Deshalb brach Brugsch auch nicht gerade in Begeisterungsrufe aus, als Mariette ihm, nach kurzem Austausch gegenseitiger Komplimente, empfahl, unter seinem Dach zu wohnen. Da er schon die Einladung des preußischen Generalkonsuls angenommen habe, könne er jetzt nicht gut dessen Gastfreundschaft mißachten.
»Ach?« meinte der Franzose, »meine Behausung ist Ihnen wohl nicht gut genug?«
»Doch, doch!« versicherte Brugsch, »vor allem die Nähe zu den Altertümern ist geradezu verlockend.« »Wenn Sie sich für meine Grabung interessieren, können Sie nicht täglich vier Stunden her- und vier Stunden zurückreiten.« Während er redete, griff Mariette vorsichtig zu seiner Schrotflinte, die geladen auf dem Tisch lag. Ein Knall -und vor ihnen am Boden wand sich eine Schlange in den letzten Zügen. Ohne auf den Vorfall einzugehen, fuhr Mariette fort: »Zusammen wären wir ein gutes Gespann. Ich mag ein guter Ausgräber sein, aber meine Schriftenkenntnisse sind bescheiden. Ihnen dagegen geht der Ruf voraus, der beste Schriftenexperte der Gegenwart zu sein. Also zieren Sie sich nicht länger, nehmen Sie morgen die Maultiere und holen Sie Ihr Gepäck. Einverstanden?«
Brugsch sah mit Entsetzen, wie das zahme Wildschwein die zerfetzten Schlangenreste verzehrte, und wagte nicht zu widersprechen. Wenn die Chance bestand, an irgendwelche Funde heranzukommen, dann war es hier. In diesem Augenblick trat Bonnefoy ein. »Mon ami Monsieur Brugsch aus Berlin«, stellte der Ausgräber seinen Gast vor. »Ah, Monsieur ist Preuße«, antwortete der Assistent verblüfft.
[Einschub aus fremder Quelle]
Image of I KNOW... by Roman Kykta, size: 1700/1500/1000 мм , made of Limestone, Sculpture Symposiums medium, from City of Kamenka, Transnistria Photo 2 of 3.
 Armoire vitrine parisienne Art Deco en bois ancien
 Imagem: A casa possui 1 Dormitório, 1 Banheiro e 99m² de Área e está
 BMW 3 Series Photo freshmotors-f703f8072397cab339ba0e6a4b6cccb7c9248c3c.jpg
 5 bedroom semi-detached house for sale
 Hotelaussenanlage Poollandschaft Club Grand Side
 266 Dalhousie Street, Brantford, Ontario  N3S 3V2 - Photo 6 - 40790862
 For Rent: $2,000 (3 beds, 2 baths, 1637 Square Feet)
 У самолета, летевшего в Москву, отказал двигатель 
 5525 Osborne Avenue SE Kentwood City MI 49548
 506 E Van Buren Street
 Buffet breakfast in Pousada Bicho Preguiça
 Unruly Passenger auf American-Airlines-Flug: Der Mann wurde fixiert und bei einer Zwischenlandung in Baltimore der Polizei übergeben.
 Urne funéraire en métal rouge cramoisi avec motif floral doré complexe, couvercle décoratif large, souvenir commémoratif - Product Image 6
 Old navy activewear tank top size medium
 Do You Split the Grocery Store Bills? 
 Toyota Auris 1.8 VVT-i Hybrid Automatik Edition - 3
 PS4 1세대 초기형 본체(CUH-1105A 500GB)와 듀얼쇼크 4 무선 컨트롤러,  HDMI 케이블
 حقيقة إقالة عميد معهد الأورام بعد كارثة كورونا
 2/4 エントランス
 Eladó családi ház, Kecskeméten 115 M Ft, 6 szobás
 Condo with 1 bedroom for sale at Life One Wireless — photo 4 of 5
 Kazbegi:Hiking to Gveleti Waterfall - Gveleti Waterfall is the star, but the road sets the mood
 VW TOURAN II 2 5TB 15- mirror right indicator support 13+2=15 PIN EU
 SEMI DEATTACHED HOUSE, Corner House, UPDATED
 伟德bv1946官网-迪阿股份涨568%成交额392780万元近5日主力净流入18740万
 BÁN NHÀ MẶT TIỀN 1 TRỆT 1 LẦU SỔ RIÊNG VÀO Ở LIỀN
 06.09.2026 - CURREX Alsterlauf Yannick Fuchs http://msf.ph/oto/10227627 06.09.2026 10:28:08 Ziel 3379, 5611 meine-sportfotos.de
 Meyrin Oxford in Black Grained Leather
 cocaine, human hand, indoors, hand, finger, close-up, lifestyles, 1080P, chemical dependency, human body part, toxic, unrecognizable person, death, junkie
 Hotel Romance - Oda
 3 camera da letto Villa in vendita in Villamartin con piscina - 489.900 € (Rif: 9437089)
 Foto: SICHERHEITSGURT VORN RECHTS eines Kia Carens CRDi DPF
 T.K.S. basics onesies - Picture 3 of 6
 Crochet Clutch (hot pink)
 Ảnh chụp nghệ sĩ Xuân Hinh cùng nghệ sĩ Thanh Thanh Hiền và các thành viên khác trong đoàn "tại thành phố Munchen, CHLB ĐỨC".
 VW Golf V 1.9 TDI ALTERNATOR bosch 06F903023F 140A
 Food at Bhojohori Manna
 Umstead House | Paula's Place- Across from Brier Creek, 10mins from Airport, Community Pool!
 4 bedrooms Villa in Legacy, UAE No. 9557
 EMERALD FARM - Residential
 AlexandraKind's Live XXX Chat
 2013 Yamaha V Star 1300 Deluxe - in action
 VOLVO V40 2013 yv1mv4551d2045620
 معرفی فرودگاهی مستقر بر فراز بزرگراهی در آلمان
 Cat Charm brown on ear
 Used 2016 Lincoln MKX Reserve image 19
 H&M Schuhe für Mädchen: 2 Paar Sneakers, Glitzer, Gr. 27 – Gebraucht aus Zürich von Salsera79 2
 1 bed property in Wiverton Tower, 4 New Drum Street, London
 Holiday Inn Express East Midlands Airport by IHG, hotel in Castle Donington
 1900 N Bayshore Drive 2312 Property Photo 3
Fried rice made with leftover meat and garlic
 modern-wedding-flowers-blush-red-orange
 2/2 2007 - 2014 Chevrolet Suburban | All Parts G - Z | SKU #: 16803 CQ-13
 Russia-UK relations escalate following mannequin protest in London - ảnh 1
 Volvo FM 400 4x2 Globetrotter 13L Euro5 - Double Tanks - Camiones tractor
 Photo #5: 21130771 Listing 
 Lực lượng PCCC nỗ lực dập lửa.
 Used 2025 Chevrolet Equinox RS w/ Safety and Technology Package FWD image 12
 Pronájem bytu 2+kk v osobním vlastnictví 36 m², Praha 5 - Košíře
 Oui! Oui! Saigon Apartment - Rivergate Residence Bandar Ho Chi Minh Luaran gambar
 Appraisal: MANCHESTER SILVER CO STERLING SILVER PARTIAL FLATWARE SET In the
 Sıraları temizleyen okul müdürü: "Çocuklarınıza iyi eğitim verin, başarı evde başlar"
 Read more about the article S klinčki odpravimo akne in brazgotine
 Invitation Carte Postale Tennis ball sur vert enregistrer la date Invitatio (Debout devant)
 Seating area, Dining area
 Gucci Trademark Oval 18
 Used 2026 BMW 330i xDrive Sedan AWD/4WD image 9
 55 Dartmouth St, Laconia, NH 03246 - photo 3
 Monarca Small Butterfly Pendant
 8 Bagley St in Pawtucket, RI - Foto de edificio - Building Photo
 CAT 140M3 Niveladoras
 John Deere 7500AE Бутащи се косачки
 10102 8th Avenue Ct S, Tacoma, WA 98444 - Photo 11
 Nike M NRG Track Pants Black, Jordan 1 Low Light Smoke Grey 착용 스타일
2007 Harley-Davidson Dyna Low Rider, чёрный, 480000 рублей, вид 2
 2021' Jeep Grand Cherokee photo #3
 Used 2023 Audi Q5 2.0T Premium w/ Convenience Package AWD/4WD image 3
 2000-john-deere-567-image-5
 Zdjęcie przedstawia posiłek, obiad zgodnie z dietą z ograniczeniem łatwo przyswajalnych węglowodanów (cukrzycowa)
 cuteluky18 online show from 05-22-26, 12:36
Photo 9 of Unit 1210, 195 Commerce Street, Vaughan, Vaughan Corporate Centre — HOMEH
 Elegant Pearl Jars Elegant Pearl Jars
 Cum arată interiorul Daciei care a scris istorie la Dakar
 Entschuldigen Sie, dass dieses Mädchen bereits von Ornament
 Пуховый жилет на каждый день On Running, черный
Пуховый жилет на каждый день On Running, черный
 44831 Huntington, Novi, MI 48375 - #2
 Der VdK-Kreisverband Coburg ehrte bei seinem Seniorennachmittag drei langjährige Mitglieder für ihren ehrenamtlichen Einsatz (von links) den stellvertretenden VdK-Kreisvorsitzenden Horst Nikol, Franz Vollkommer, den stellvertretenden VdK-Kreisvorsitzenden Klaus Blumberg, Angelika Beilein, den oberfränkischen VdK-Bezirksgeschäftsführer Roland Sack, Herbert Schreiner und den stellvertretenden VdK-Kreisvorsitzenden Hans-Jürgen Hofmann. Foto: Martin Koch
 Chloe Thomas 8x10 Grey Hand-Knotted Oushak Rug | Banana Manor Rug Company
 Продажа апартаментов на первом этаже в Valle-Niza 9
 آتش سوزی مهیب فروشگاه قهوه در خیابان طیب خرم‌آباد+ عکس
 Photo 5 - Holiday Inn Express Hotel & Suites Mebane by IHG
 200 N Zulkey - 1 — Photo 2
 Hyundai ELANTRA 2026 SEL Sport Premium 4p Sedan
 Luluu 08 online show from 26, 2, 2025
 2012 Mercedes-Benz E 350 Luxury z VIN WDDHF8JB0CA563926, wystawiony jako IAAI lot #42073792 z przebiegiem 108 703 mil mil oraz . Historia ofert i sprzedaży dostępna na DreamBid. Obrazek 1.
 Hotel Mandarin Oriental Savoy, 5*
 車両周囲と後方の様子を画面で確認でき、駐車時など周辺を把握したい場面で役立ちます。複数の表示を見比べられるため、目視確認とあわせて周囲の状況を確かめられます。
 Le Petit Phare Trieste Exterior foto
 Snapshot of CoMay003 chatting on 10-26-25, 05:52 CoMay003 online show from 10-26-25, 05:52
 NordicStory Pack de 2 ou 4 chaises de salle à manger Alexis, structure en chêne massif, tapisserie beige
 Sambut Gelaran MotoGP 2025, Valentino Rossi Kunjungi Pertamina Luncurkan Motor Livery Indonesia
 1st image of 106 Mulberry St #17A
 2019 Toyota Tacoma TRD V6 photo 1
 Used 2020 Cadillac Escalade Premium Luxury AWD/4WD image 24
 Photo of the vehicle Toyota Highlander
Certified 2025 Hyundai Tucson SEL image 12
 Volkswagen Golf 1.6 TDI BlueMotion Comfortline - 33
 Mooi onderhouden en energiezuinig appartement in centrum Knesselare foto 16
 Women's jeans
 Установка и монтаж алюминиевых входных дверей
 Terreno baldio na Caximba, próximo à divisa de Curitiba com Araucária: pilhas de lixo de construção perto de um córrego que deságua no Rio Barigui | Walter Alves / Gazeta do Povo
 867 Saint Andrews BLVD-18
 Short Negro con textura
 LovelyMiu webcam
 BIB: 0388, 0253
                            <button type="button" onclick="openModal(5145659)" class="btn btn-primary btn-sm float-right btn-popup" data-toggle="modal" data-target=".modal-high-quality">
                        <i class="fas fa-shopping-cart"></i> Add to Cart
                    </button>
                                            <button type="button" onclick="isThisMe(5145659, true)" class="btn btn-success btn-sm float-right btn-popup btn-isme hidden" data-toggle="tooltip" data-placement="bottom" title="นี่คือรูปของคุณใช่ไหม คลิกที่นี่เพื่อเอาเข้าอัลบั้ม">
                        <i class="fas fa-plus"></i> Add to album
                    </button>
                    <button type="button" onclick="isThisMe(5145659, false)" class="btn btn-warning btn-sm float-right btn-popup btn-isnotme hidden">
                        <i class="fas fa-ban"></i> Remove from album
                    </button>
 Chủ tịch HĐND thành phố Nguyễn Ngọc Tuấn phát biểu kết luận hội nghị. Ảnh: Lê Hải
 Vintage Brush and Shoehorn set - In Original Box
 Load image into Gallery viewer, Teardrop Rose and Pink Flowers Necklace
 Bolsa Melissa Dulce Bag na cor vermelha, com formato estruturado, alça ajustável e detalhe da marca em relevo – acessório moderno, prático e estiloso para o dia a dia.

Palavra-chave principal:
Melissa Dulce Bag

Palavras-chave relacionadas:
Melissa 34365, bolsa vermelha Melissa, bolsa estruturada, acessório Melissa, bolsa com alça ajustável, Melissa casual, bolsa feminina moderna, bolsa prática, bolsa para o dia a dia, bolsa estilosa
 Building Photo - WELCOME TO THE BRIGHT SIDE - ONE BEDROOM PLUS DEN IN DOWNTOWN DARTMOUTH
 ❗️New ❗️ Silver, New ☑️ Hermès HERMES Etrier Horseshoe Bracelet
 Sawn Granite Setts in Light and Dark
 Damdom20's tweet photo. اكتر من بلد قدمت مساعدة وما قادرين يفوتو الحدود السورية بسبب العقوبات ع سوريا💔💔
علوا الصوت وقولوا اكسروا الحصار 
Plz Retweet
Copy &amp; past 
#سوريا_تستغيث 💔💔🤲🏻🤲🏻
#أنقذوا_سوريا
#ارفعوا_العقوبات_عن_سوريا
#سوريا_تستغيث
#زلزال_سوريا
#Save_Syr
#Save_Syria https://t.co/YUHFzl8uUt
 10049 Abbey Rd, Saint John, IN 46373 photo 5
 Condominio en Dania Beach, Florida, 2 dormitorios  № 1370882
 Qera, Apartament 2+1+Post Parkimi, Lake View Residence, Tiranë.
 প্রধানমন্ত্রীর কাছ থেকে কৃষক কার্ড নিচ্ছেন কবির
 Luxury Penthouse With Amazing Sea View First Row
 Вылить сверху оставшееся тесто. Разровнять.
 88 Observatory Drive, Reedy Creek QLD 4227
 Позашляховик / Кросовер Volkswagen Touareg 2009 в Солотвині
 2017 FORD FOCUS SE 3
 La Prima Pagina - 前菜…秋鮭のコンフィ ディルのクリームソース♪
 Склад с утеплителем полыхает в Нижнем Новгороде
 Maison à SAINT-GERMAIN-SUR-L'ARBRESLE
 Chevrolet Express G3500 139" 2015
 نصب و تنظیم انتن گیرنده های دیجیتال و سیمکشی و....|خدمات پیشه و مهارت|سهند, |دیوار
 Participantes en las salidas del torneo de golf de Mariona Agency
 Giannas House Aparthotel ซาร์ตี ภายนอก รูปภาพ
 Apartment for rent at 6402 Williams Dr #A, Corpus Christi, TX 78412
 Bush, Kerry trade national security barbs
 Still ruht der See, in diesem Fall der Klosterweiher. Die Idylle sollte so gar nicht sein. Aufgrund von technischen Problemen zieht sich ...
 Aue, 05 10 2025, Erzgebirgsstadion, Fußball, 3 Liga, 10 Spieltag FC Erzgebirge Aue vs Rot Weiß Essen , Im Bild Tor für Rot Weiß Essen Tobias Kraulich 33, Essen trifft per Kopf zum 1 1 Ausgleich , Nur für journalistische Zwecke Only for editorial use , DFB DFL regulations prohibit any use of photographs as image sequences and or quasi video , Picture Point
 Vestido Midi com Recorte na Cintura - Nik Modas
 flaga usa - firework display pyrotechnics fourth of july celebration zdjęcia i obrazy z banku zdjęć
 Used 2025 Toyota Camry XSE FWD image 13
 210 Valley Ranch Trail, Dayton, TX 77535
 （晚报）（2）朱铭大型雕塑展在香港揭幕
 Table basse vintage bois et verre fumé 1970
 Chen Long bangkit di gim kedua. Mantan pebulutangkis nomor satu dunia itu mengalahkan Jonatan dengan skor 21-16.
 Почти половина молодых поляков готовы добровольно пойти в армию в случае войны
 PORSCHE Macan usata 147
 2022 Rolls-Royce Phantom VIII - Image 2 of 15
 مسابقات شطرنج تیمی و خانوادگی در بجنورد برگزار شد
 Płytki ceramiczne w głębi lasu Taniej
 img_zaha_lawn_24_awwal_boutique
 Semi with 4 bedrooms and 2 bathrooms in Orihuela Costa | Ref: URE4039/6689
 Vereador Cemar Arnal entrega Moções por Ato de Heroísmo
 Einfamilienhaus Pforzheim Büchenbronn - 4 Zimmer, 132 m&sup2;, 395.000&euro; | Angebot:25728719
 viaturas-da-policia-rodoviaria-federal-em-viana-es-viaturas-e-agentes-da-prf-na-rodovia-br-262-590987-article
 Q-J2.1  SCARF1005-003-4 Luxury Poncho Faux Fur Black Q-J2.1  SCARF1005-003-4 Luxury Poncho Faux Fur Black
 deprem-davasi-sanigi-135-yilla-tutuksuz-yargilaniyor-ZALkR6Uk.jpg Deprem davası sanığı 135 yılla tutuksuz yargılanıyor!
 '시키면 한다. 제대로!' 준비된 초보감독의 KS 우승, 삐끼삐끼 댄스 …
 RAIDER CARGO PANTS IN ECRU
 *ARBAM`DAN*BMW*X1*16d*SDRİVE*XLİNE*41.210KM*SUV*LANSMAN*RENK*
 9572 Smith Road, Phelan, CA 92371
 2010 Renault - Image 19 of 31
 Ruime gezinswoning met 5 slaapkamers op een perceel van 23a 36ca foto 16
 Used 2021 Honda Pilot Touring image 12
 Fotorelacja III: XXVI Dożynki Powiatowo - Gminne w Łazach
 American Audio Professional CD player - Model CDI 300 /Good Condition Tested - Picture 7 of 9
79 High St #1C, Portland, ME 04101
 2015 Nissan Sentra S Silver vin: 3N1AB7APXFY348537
Darauf Mariette: »Gewiß! Aber ein Preuße nach meinem Herzen!« Und damit war das Thema ein für allemal erledigt. »Bonnefoy«, sagte Mariette und machte eine Verneigung vor Brugsch, »wir wollen unseren Freund heute abend im Serapis-Tempel würdig empfangen.« Und dabei zwinkerte er mit einem Auge.
»Ich verstehe«, antwortete dieser, »ich werde das Nötige veranlassen«, drehte sich um und verschwand.